Le verifiche nascono da una perquisizione avvenuta due anni fa a casa di Mazzocchi, nell’ambito dell’inchiesta affidata al Nucleo Valutario della Guardia di Finanza sugli affari gestiti da politici e imprenditori guidati dal faccendiere Raffaele Pizza e denominata «Labirinto» proprio per la complessità dei rapporti tra i protagonisti. Gli investigatori trovano 247 mila euro nascosti nelle confezioni di spumante, ma soprattutto copie di alcune sentenze del Consiglio di Stato segnate con appunti e «post-it». Tra queste, la bozza del verdetto su Mediolanum. La storia è nota e riporta al 7 ottobre 2014, dopo la sentenza che ha condannato Berlusconi a quattro anni nel processo per i diritti tv. Quel giorno Bankitalia impone al Cavaliere di cedere «la propria quota in Mediolanum oltre il 9,9 per cento, ovvero il 20 per cento circa, che valeva circa 1 miliardo di euro» perché «non è in possesso dei requisiti di onorabilità» necessari per essere soci al 10 per cento in un gruppo bancario.

Il ricorso

Il Cavaliere si oppone e presenta ricorso al Tar ma i giudici gli danno torto e confermano la disposizione di palazzo Koch. I legali fanno ricorso e nel marzo 2016 arriva il verdetto favorevole perché il collegio — presidente è Francesco Caringella, estensore Roberto Giovagnoli — ritiene fondata la tesi secondo cui le quote erano già detenute da Berlusconi prima del passaggio dal sistema assicurativo a quello bancario. Sembra tutto regolare, ma quando scattano gli arresti per l’operazione «Labirinto» si capisce che potrebbe esserci stato un accordo sottobanco. E Mazzocchi deve chiarire come mai conservasse a casa le sentenze, ma anche gli appunti che danno conto dei suoi contatti e movimenti.

L’appunto

In alcuni scritti e sulla bozza della sentenza sono annotati veri e propri suggerimenti su come confutare le tesi di Bankitalia.

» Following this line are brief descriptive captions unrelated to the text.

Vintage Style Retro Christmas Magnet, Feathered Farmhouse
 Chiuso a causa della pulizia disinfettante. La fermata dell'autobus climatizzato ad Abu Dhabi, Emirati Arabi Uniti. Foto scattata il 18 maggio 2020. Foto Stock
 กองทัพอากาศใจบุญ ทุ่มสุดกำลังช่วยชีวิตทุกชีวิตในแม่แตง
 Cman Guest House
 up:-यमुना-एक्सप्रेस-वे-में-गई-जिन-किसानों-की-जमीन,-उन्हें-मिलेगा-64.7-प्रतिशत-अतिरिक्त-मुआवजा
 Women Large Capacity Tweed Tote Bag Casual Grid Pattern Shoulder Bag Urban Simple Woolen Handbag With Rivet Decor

Su un foglietto il funzionario scrive: «Ho parlato con B. il quale mi ha detto che il relatore del 4 dicembre è lo stesso del 24 gennaio». Secondo le verifiche svolte dai pm «B.» potrebbe essere Stefano Baccarini, il giudice che a dicembre aveva concesso la sospensiva, mentre il relatore sarebbe Giovagnoli. Nel febbraio di un anno fa, per un’altra inchiesta su sentenze aggiustate, viene arrestato l’avvocato Amara che l’estate scorsa decide poi di collaborare svelando i nomi di alcuni giudici e «mediatori» a «libro paga». Si arriva così alla sentenza Mediolanum e nell’elenco dei professionisti coinvolti c’è Marascio, difeso dagli avvocati Gianluca Tognozzi e Danilo Romagnino. Ieri è stato convocato in Procura per essere interrogato e si è avvalso della facoltà di non rispondere. «Daremo spiegazioni, ma vogliamo prima esaminare le carte dell’accusa», chiarisce Tognozzi.

*Il procedimento penale è stato archiviato nei confronti dell’avv. Francesco Marascio e degli altri indagati.